Only the routinely collected data on Indigenous Australian clients aged 16+ years who have attended a participating ACCHS in the last 12 months will be included in analysis to assess:

  1. The odds of a client being screened using AUDIT-C at least once in any 2-month period (considering those who attend in that period).

  2. The odds of a client being recorded as receiving treatment for unhealthy alcohol use at the ACCHS, including advice/education or counselling, relapse prevention medicines.

  3. The number of clients identified by ACCHS staff to have unhealthy alcohol use:

    1. via AUDIT-C: using cut-offs recommended for ACCHSs by the Australian Institute of Health and Welfare (3+ for a woman, 4+ for a man).23

    2. and/or staff perception of drinking status (eg, safe, unsafe, non-drinker or ex-drinker).

We will use statistical packages, IBM SPSS for descriptive analyses and R for multi-level modelling.

Multi-level modelling will be used to account for clustering of observations under clients, who are nested within services. We will assess if clients are more likely to be screened for risky alcohol-use and provided with treatment if they are attending a service receiving support.

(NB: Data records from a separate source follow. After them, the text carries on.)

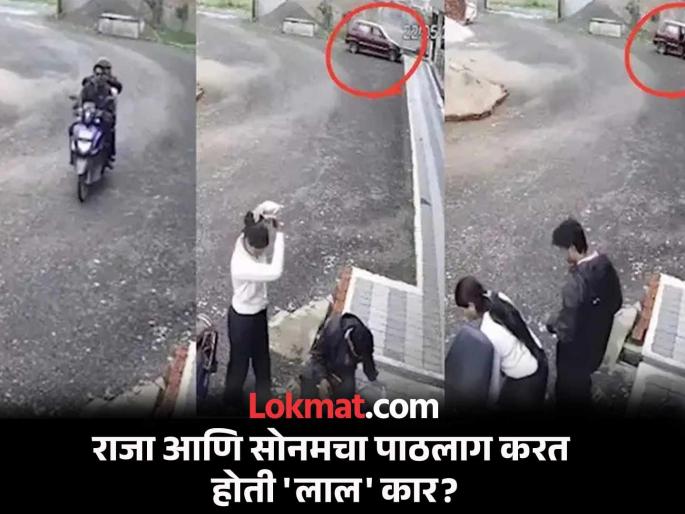 Raja Raghuvanshi Case Was a 'red' car chasing Sonam-Raja? Suspicious movement seen in new CCTV footage | Raja Raghuvanshi : सोनम-राजाचा पाठलाग करत होती 'लाल' कार? नव्या CCTV फुटेजमध्ये दिसली संशयास्पद हालचाल Raja Raghuvanshi Case Was a 'red' car chasing Sonam-Raja? Suspicious movement seen in new CCTV footage | Raja Raghuvanshi : सोनम-राजाचा पाठलाग करत होती 'लाल' कार? नव्या CCTV फुटेजमध्ये दिसली संशयास्पद हालचाल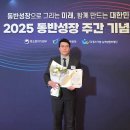 디앤씨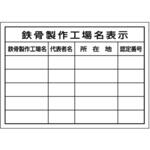 220-FS ミニ法定表示ステッカー 鉄骨製作工場名(複数工場) つくし工房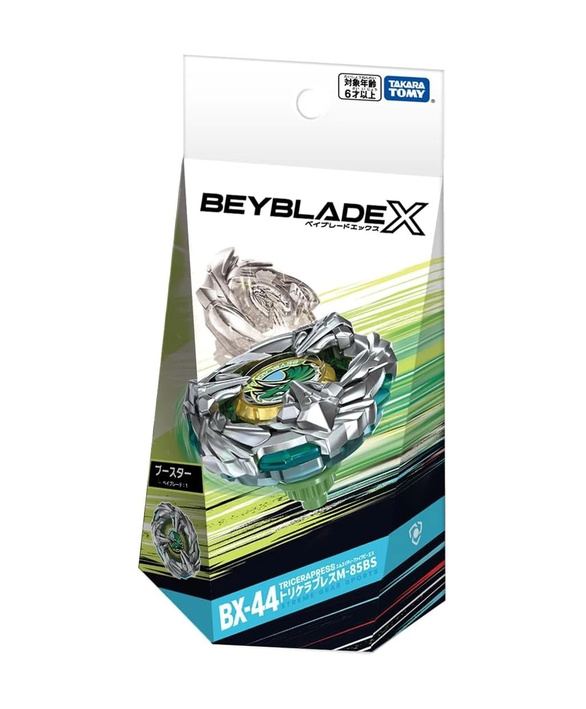 中國代理版Beyblade X 戰鬥陀螺【BX-23】鳳凰飛翼9-60GF｜TERRENCESTUDIO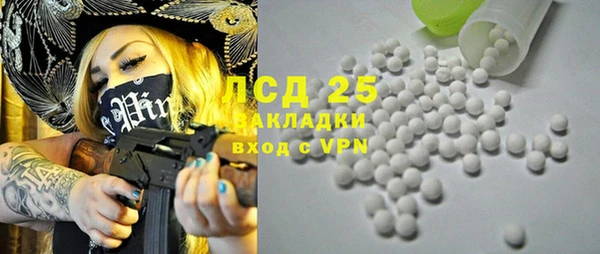 COCAINE Беломорск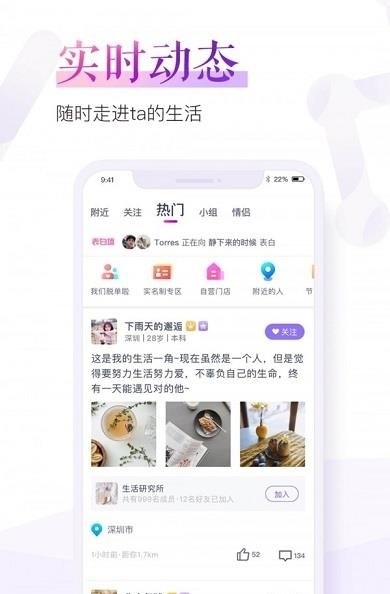 珍爱网手机版  v7.28.3图1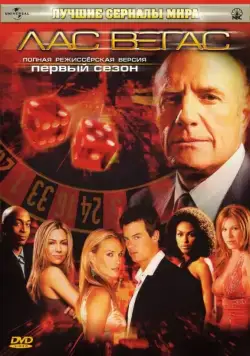 Постер: Лас Вегас / Las Vegas (2003)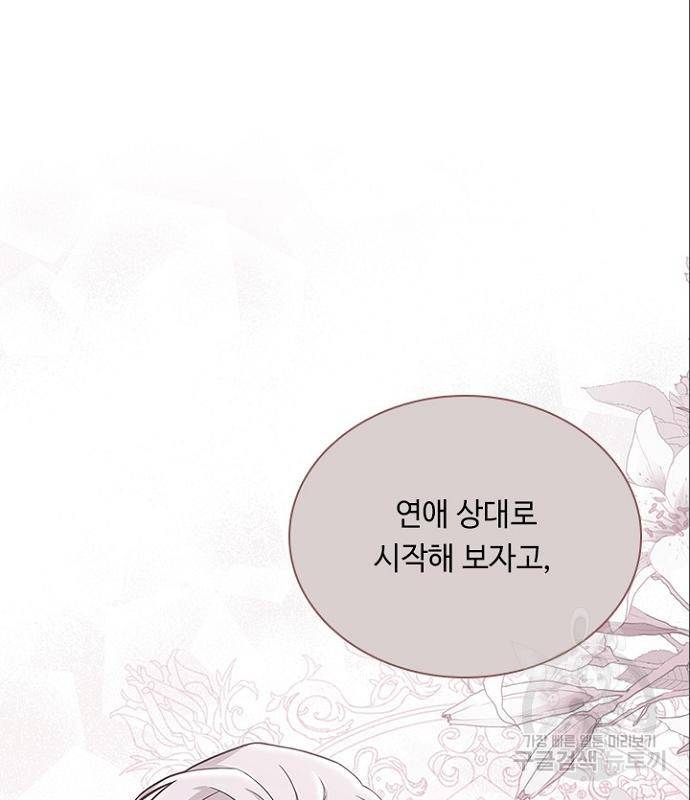 황제와의 하룻밤 70화 99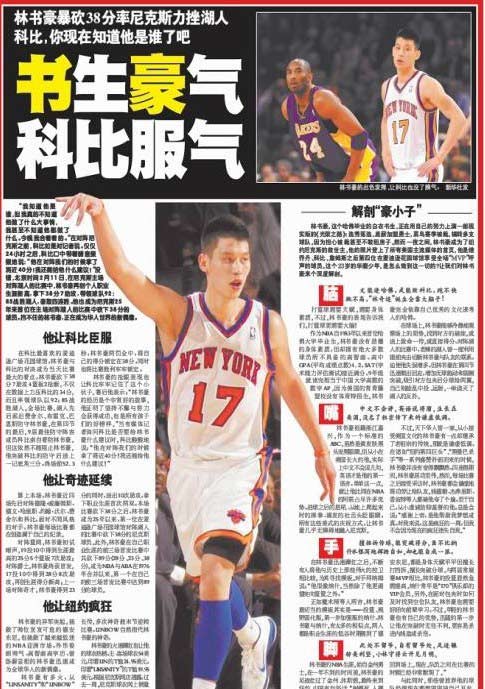 NBA总裁发表正式声明，赛季进展受阻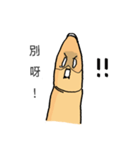 指です。（個別スタンプ：18）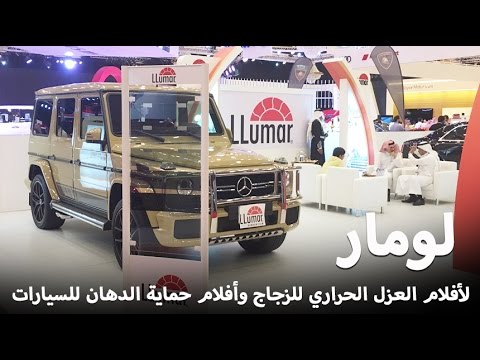 تعرف على لومار بالتفاصيل والصور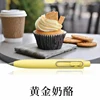 Uni-ball One P Mini Pocket Gel Pen Pen 0.5mm Portable Pen Super Cute Chubby Pen Body UMN-SP Office Accessories Stationery 3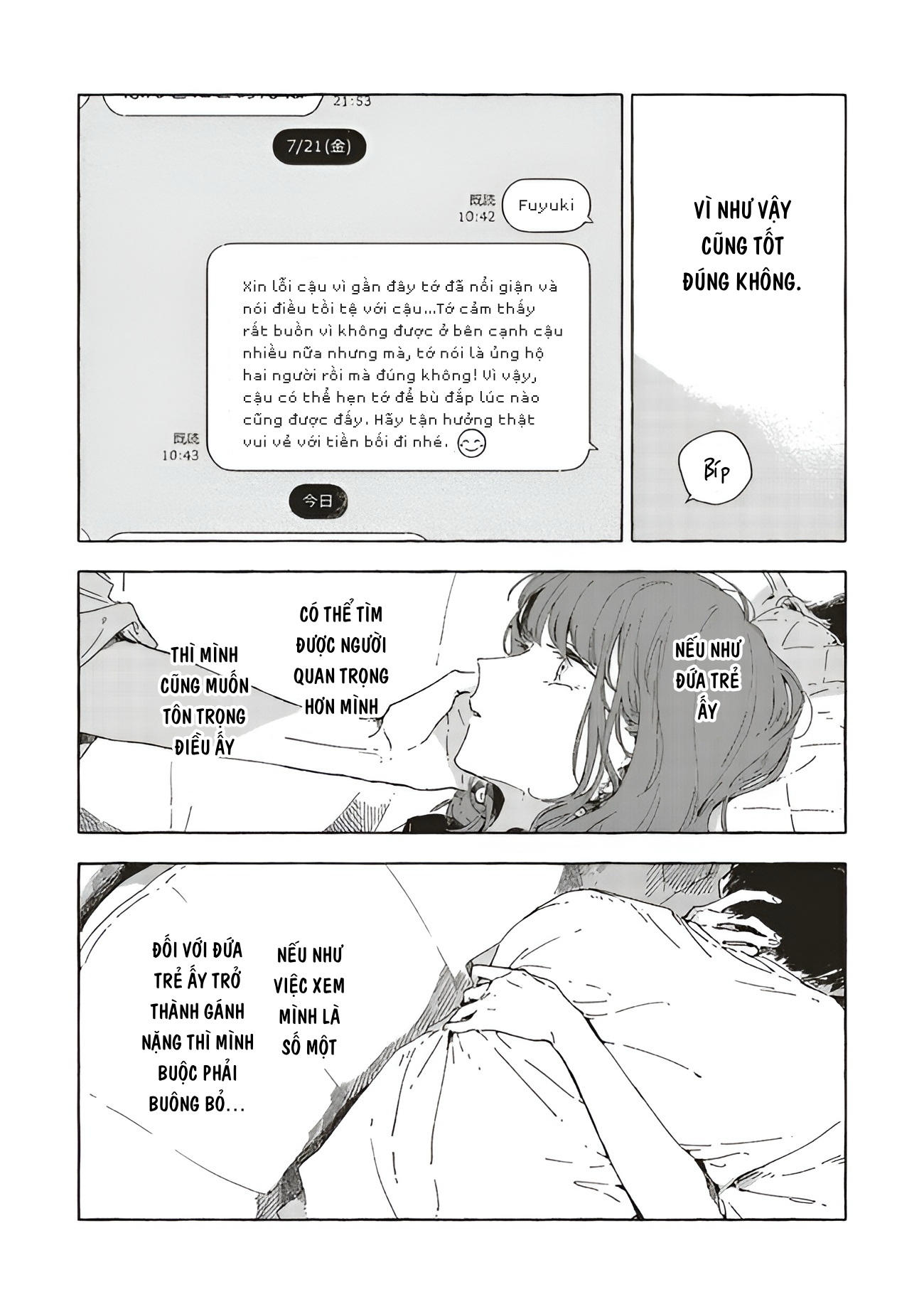 Chapter 660
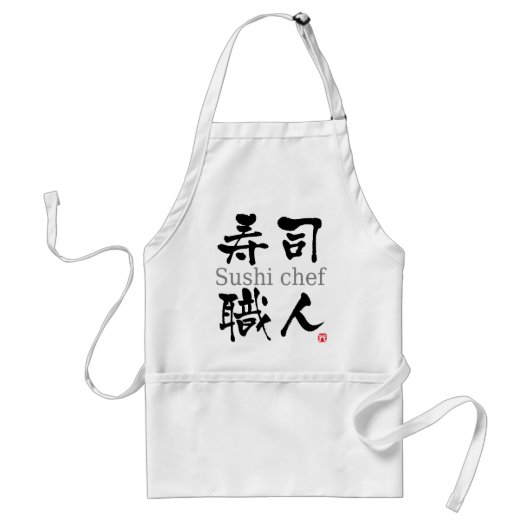 寿司のシェフ漢字 スタンダードエプロン (正面)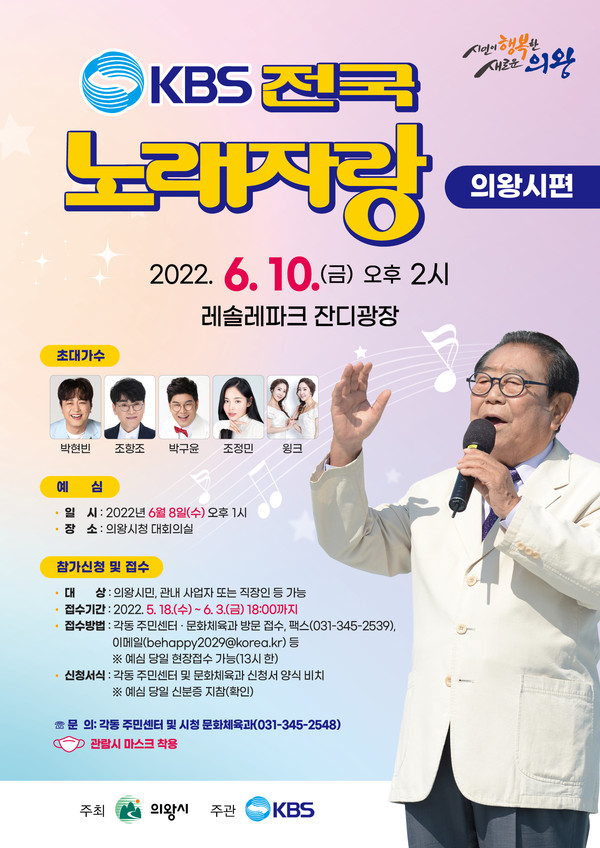 ▲ 전국노래자랑 포스터.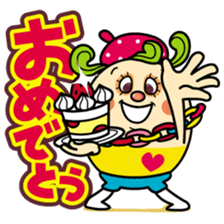 Coco everyday 2 sticker #14246312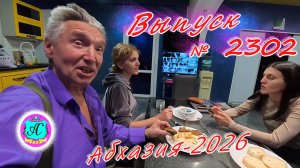 #Абхазия2026🌴 9.02.26г.🔥 Выпуск № 2302❗вчера +8°🌡ночью +7°🌡море +10°🐬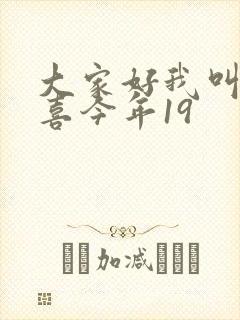 大家好我叫林小喜今年19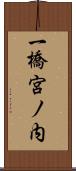 一橋宮ノ内 Scroll
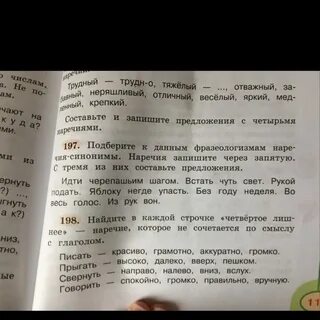 Русский язык страница 103 номер 197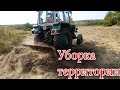 Разработка целины ч2 .ЮМЗ-6 с лопатой .Уборка территории.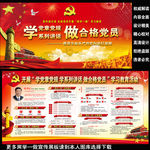 2016年两学一做学习教育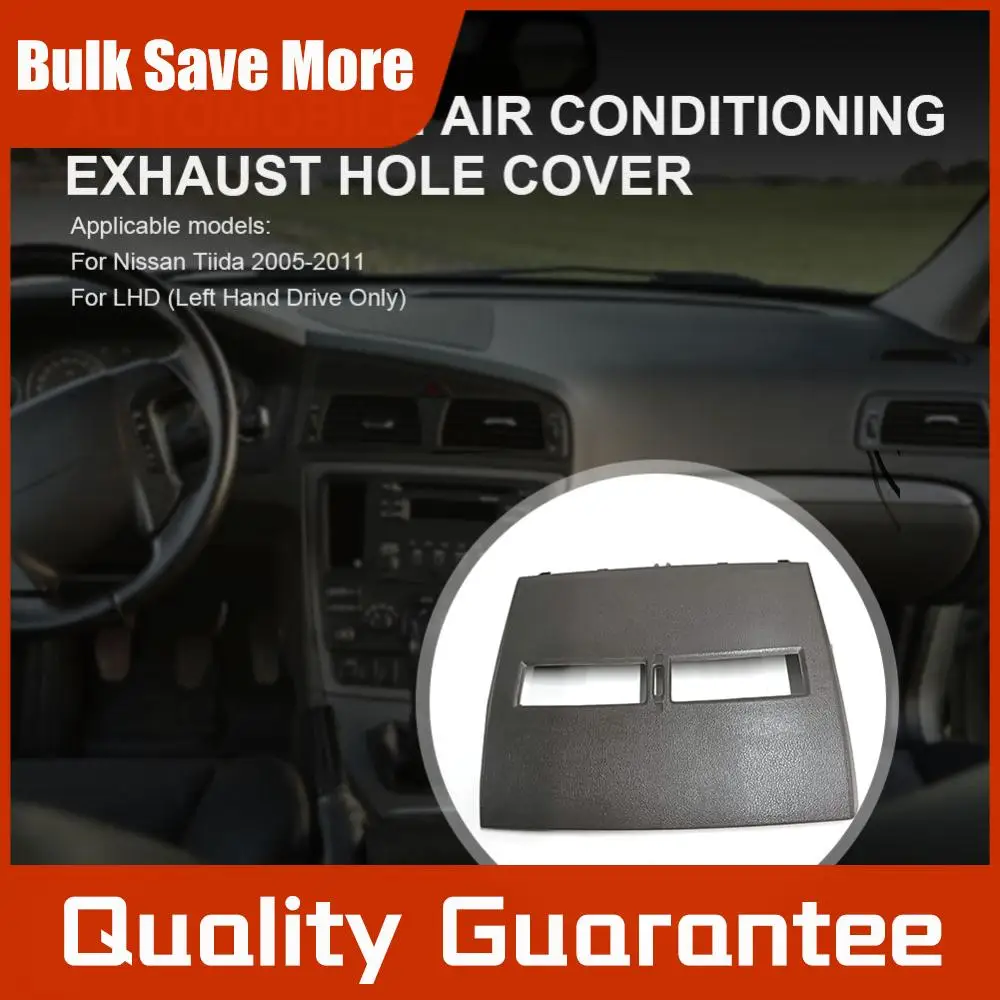 

Накладка на приборную панель, пластиковая крышка панели кондиционера для Nissan Tiida 2005-2011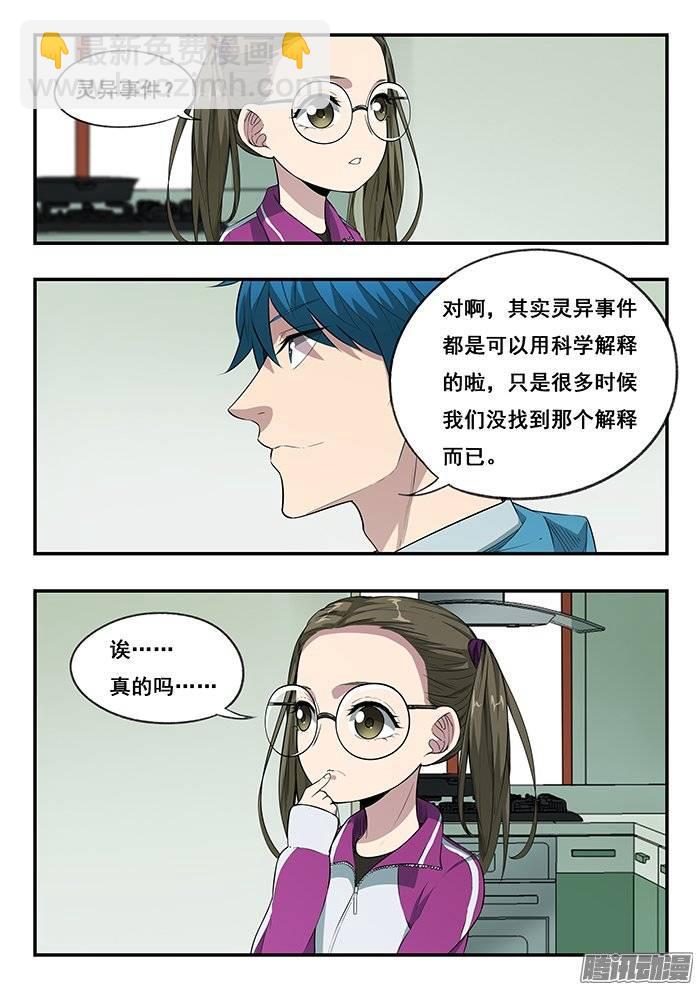 217.小爱-第224话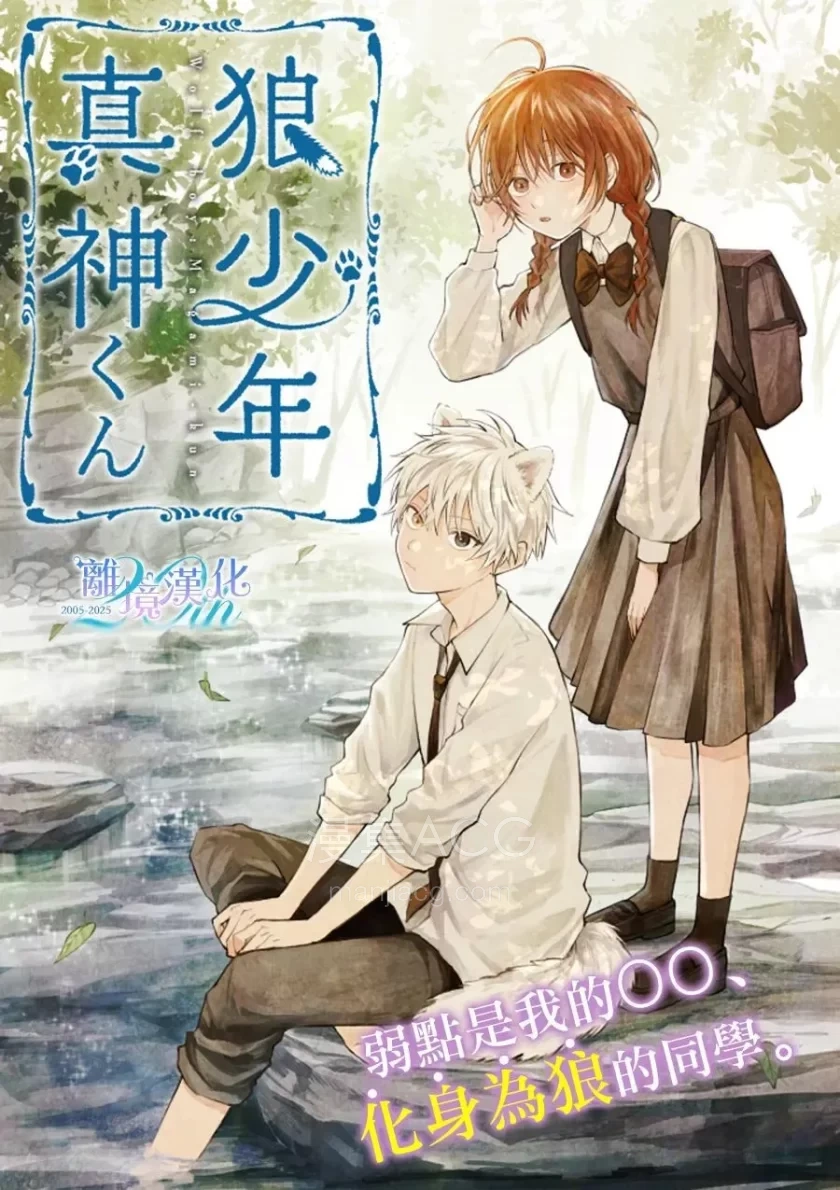 10Comic_狼少年真神同学_第01话35p_001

Two dummy variables will be constructed to indicate whether or not clients were screened with the AUDIT-C during each 2-month data extraction period, or if they received treatment. These variables will be used as outcomes in multi-level logistic regressions. As data are aggregated at bimonthly intervals, repetitive screenings within those 2-monthly periods will not influence the modelled effect of the intervention. However, to ensure that the intervention is associated with increased odds of appropriate screening, we will create a dummy variable indicating whether a client has been screened in the previous 12 months, and use this variable as the outcome in a multi-level logistic regression.

Characteristics of ACCHSs, such as number of clients, will be compared descriptively between the early/late-support services. Characteristics that display major imbalance between arms will be considered as adjustment factors in outcome analyses. As data are collected as part of routine clinical activity, missing data are likely to be non-random, as such multiple imputation will not be performed.

All analyses will be repeated for the maintenance phase of the study to see if study effects weaken or strengthen over time. The analysis will also be repeated after the late support services have received support, to see if any effect on use of screening or treatment can be replicated.

If a significant effect of the support on alcohol care outcomes is demonstrated, a secondary analysis will examine the elements of support which were most effective, and whether the effect of support changed over time during a support phase. Potential change in client health indicators over time (AUDIT-C scores, GGT, HbA1C, BP) will be examined in relation to support provision.

Ethics approvals

Ethics approval was obtained by eight ethics review committees, including three Aboriginal-specific committees. As there are minimal foreseeable risks in this study, there will not be an independent committee monitoring trial conduct, data or adverse events. Feedback from services will be provided to investigators and adaptations made as necessary.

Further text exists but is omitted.